== Aim of the exercise ==
Reproduce, exactly and in full, only the lines below from the one containing "Fabric, Set of 2" through the one containing "Blusa Tecido viscolaycra vermelho".

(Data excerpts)
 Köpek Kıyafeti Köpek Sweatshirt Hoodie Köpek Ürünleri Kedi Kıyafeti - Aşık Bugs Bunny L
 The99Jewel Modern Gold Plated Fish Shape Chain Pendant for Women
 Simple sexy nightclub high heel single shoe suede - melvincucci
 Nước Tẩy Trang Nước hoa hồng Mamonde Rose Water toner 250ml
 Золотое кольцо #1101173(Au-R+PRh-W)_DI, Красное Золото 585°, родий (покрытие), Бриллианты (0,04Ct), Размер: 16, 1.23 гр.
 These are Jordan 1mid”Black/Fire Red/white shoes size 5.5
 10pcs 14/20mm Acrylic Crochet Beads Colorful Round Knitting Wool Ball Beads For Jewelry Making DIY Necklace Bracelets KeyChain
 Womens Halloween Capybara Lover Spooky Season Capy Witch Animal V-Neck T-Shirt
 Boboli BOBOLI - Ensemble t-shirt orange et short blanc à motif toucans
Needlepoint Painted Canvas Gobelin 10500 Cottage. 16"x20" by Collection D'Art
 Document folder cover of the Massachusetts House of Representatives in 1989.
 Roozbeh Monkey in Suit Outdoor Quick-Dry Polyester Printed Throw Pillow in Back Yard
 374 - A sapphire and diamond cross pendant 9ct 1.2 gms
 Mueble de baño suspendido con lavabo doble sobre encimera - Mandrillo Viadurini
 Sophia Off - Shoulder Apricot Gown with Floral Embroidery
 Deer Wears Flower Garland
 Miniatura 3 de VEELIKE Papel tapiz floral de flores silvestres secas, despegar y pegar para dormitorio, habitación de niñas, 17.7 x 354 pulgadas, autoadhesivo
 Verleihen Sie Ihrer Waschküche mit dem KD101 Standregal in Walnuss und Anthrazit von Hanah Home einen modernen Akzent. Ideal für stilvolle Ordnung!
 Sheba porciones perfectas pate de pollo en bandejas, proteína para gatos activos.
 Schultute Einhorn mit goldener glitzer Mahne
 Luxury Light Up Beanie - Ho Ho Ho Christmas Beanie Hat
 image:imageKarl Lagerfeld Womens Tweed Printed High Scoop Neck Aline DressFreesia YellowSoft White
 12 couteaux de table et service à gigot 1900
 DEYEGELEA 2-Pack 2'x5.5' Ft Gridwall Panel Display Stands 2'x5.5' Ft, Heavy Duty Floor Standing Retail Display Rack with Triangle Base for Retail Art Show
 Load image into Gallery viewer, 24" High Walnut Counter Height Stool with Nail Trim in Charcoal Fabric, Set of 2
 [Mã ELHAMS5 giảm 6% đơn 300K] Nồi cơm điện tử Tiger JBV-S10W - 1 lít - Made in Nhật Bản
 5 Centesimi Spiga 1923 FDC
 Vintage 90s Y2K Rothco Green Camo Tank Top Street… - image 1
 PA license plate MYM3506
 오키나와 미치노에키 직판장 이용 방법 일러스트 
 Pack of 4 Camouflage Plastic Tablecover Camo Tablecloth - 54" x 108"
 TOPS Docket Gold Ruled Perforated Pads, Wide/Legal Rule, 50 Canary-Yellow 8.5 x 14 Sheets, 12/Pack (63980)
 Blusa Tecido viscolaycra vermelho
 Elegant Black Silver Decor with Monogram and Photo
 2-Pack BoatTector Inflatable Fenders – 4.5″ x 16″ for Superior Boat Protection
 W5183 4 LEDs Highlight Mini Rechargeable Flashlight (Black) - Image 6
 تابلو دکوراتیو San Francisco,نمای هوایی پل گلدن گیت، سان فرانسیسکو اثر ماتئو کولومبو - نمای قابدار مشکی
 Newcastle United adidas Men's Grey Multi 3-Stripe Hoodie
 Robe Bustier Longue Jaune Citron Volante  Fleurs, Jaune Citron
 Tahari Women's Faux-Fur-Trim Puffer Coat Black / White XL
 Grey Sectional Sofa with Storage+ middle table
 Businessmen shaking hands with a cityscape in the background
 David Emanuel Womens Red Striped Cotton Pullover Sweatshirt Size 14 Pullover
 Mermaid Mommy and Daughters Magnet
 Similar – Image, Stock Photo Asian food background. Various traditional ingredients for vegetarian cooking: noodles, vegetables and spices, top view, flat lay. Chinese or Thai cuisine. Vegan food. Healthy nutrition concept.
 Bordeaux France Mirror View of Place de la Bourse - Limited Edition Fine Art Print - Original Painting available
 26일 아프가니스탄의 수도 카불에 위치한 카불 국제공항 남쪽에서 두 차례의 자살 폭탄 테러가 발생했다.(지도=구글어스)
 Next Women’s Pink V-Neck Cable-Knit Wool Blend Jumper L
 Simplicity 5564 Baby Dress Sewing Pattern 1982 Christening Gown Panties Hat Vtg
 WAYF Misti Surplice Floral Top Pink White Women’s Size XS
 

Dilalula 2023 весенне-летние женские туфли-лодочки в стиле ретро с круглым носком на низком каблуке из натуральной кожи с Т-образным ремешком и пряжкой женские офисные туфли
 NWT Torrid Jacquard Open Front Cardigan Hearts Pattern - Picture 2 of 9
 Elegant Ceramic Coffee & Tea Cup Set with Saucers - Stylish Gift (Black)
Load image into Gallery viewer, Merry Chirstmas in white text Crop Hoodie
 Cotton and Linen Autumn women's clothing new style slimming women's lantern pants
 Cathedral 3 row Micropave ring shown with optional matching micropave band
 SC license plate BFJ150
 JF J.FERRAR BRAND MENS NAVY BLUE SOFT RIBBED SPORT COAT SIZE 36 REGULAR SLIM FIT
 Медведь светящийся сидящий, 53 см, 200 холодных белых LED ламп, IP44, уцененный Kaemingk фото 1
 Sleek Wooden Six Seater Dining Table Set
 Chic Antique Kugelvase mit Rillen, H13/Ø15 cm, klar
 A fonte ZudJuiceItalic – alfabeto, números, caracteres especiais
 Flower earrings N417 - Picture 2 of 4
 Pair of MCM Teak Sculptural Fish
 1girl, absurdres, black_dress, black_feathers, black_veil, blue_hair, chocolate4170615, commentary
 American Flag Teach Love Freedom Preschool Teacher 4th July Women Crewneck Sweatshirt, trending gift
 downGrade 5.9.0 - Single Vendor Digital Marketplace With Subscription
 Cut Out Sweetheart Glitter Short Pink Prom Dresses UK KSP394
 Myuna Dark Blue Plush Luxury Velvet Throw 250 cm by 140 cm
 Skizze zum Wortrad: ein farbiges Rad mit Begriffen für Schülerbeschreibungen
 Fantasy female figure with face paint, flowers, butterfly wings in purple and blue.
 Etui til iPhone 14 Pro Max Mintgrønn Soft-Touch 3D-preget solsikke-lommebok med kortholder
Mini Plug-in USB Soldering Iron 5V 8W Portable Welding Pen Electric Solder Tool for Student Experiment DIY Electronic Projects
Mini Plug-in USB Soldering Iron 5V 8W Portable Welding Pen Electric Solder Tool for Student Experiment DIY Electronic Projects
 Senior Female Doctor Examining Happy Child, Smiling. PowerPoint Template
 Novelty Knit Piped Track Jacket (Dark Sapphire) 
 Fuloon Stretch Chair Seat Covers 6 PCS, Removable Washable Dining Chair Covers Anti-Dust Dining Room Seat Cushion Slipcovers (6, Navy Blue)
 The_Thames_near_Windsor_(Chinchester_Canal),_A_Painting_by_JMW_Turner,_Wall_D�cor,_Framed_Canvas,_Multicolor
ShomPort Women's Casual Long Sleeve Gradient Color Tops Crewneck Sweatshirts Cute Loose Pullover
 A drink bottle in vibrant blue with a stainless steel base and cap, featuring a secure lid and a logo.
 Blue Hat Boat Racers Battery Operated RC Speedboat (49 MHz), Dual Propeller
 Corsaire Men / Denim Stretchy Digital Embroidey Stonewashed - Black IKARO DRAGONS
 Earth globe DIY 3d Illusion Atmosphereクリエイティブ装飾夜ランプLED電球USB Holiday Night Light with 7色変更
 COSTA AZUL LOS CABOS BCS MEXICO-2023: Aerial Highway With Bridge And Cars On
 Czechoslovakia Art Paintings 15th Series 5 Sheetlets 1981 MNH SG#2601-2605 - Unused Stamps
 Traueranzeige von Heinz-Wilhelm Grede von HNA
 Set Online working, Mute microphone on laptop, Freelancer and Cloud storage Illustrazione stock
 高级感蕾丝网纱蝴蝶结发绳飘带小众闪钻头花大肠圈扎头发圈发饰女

== Output for this exercise ==
 Load image into Gallery viewer, 24" High Walnut Counter Height Stool with Nail Trim in Charcoal Fabric, Set of 2
 [Mã ELHAMS5 giảm 6% đơn 300K] Nồi cơm điện tử Tiger JBV-S10W - 1 lít - Made in Nhật Bản
 5 Centesimi Spiga 1923 FDC
 Vintage 90s Y2K Rothco Green Camo Tank Top Street… - image 1
 PA license plate MYM3506
 오키나와 미치노에키 직판장 이용 방법 일러스트 
 Pack of 4 Camouflage Plastic Tablecover Camo Tablecloth - 54" x 108"
 TOPS Docket Gold Ruled Perforated Pads, Wide/Legal Rule, 50 Canary-Yellow 8.5 x 14 Sheets, 12/Pack (63980)
 Blusa Tecido viscolaycra vermelho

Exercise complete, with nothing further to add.